Led by an expert advisory group, Growing Up Digital found that when children use social media they sign up to impenetrable terms and conditions that they could never be expected to understand. These harbour hidden clauses which waive their right to privacy and allow the content they post to be sold.
The terms and conditions of Instagram, which is used by 56% of 12-15 year olds and 43% of 8-11 year olds were tested with a group of teenagers. Younger ones were unable to read more than half of the 17-pages of text, which run to 5,000 words, and none understood fully what the terms and conditions committed them to. An expert in privacy law on the Growing Up Digital panel simplified, demystified and condensed the terms and conditions so that they were comprehensible to teenagers, leaving many of them shocked by what they had unwittingly signed up to.
The Growing Up Digital study also looked into children’s experiences of reporting concerns on social media sites and asking for content about them to be removed. Although much of the behaviour children complain about online – bullying, sexting, harassment – is illegal, a number of studies have found that children often do not know how to report concerns and when they do, are dissatisfied with any action taken.
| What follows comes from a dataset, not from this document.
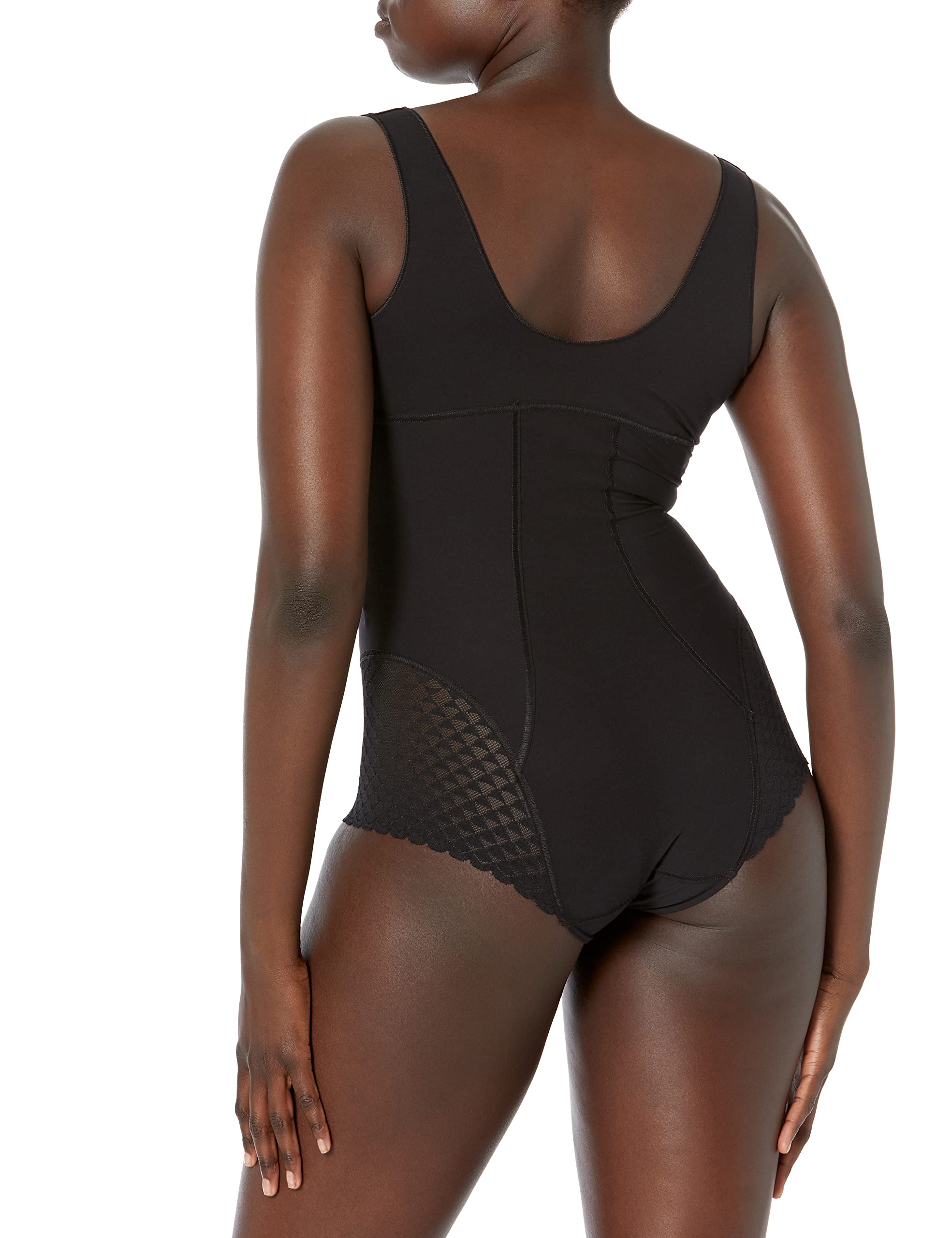 Simone Perele Women's Subtile Bodysuit - Seamless Lingerie for Everyday Comfort & Support | Perfect for Layering, Date Nights & Special Occasions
One study found that almost a third of 15 year olds admit to having sent a naked photo of themselves at least once, and over a third of 12-15 year olds have seen hateful content directed at a particular group of people in the last year. The number of children counselled by Childline about online bullying has doubled over the last 5 years.
Growing Up Digital recommends that every child in the country studies digital citizenship to build online resilience, learn about their rights and responsibilities online and prepare them for their digital lives. It recommends that social media companies rewrite their terms and conditions so that children understand and can make informed decisions about them. And it asks the Government to implement legislation similar to that being introduced by the EU to protect children’s privacy and data online. It also recommends giving children more power to tackle social media companies by appointing a digital ombudsman to mediate between them over the removal of content.
Baroness Beeban Kidron, 5Rights Founder and a member of the Growing Up Digital steering group said:
"The Children’s Commissioner has made an important intervention on a subject that is a central concern of parents, carers, teachers and young people themselves. She has identified the lack of support in services that children routinely use, a yawning gap in their digital education and an unsustainable situation where the long established rights of children are not applied online. The relationship between digital services and children will be an evolving one which will be constantly addressed and updated - but her recommendations are immediate and practical and usefully lay emphasis on those who provide services, the education of children who use them and the responsibilities of the UK government and the UN to update their provisions. I was happy to be part of her enquiry and welcome her recommendations."
Anne Longfield, Children’s Commissioner for England, said:
“Children spend half their leisure time online. The internet is an incredible force for good but it is wholly irresponsible to let them roam in a world for which they are ill-prepared, which is subject to limited regulation and which is controlled by a small number of powerful organisations. It is critical that children are educated better so that they can enjoy the opportunities provided by the internet whilst minimising the well-known risks.
“It is also vital that children understand what they agree to when joining social media platforms, that their privacy is better protected, and they can have content posted about them removed quickly should they wish to.
“I urge the Government to extend the powers of the Children’s Commissioner so that there is independent oversight of the number and type of complaints that social media providers are receiving from young people and I can recommend further action where required.
“When it was created 25 years ago, the internet was not designed with children in mind. No one could have predicted its phenomenal growth, nor that it would become ingrained in every aspect of everyday life. We need to rethink the way we prepare children for the digital world.”